Script to predict influenza outbreak events via tweets, based on the research of L. Zhao & al., 2015 [1]
The anticipation and comprehension of epidemic spread emerge as pivotal factors. For instance, influenza kills 389,000 individuals globally each year. Examining past situations like the COVID pandemic highlights the potential benefits of predictive measures. Such foresight could aid hospitals in readiness, faster procurement of supplies, and efficient execution of vaccination campaigns. A potentially interesting way for acquiring relevant data involves the utilization of social media platforms. Many individuals employ these platforms to communicate their health status, presenting an unconventional but potentially valuable source for data gathering. This approach, if harnessed effectively, could contribute to the monitoring and prediction of epidemics.
The dataset, extracted from the research conducted by L. Zhao et al. in 2015, spans the period from January 1, 2011, to April 1, 2015. The data encompasses 48 U.S. states, recorded on a daily basis, and includes occurrences of specific keywords associated with influenza.
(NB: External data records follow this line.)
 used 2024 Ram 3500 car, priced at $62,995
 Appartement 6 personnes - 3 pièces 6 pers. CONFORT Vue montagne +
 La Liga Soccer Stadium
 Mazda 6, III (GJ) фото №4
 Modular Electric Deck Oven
Additionally, the dataset denotes the presence or absence of an epidemic state in the week following the recorded data points, using a binary classification (0 for no epidemic state, 1 for epidemic state). Notably, this data originates from a collection of 525 flu-related keywords extracted from over 52,000 tweets, gathered through the Twitter API.
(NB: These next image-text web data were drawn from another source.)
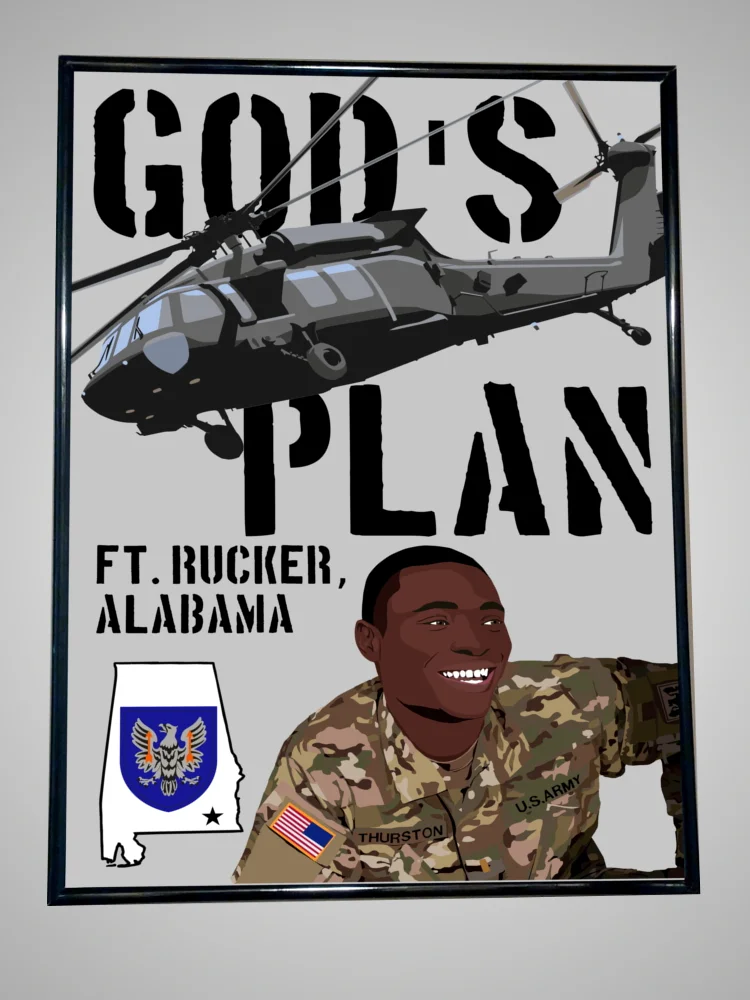 Personalized Aviation Print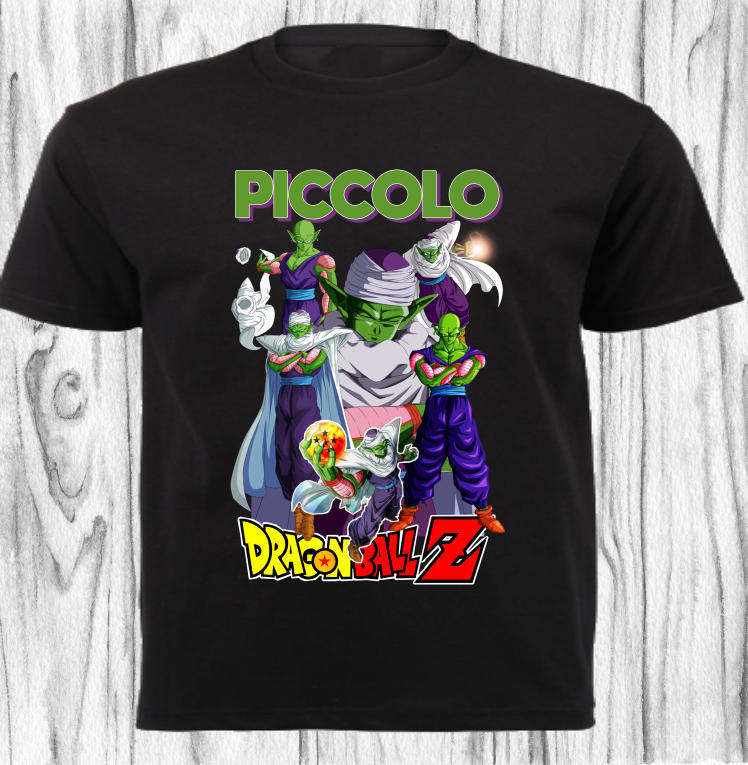 ANIME SHIRT_DRAGONBALL Z 06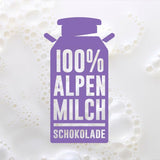 Milka Extra Biscoff Chocolate – Cioccolato al latte alpino con pezzi croccanti di biscotti Lotus Biscoff – 190g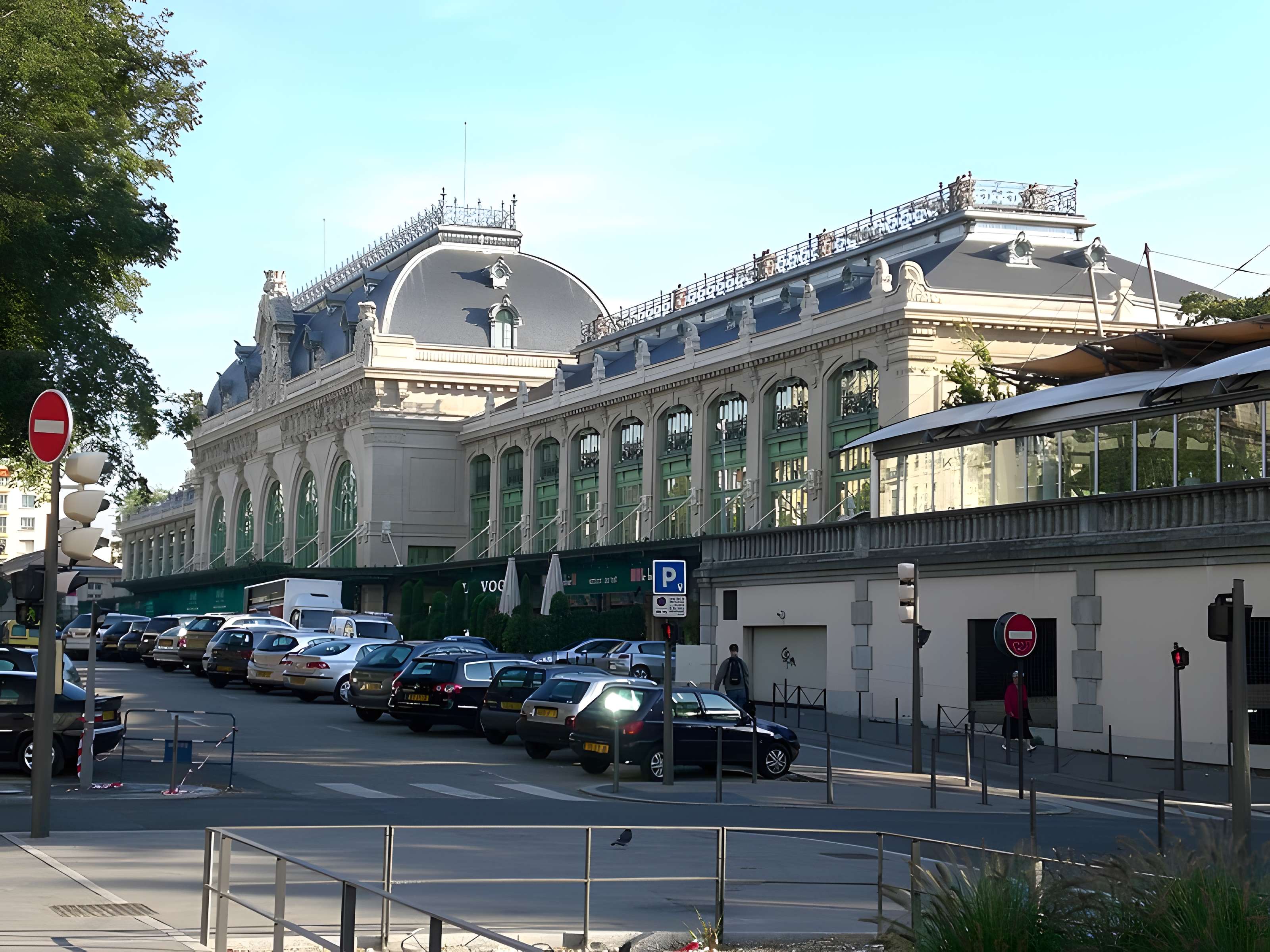 Gare des Brotteaux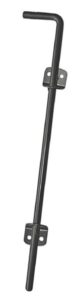 CANE BOLT 18-IN BLACK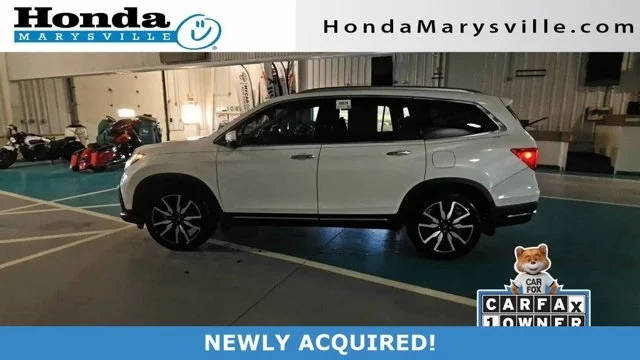 2020 Honda Pilot Touring 7-Passenger FWD photo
A PCA, a decision tree, a random forest and finally a simple neural network (2 hidden layers with 5 neurons in the first layer and 2 neurons in the second layer) have been created in this project to analyze the data from the research of L. Zhao & al., 2015 [1] and propose a way to build a prediction model forecasting influenza outbreak via Twitter keywords.
[1] L. Zhao, J. Chen, F. Chen, W. Wang, C. -T. Lu and N. Ramakrishnan, "SimNest: Social Media Nested Epidemic Simulation via Online Semi-Supervised Deep Learning," 2015 IEEE International Conference on Data Mining, Atlantic City, NJ, USA, 2015, pp. 639-648, doi: 10.1109/ICDM.2015.39.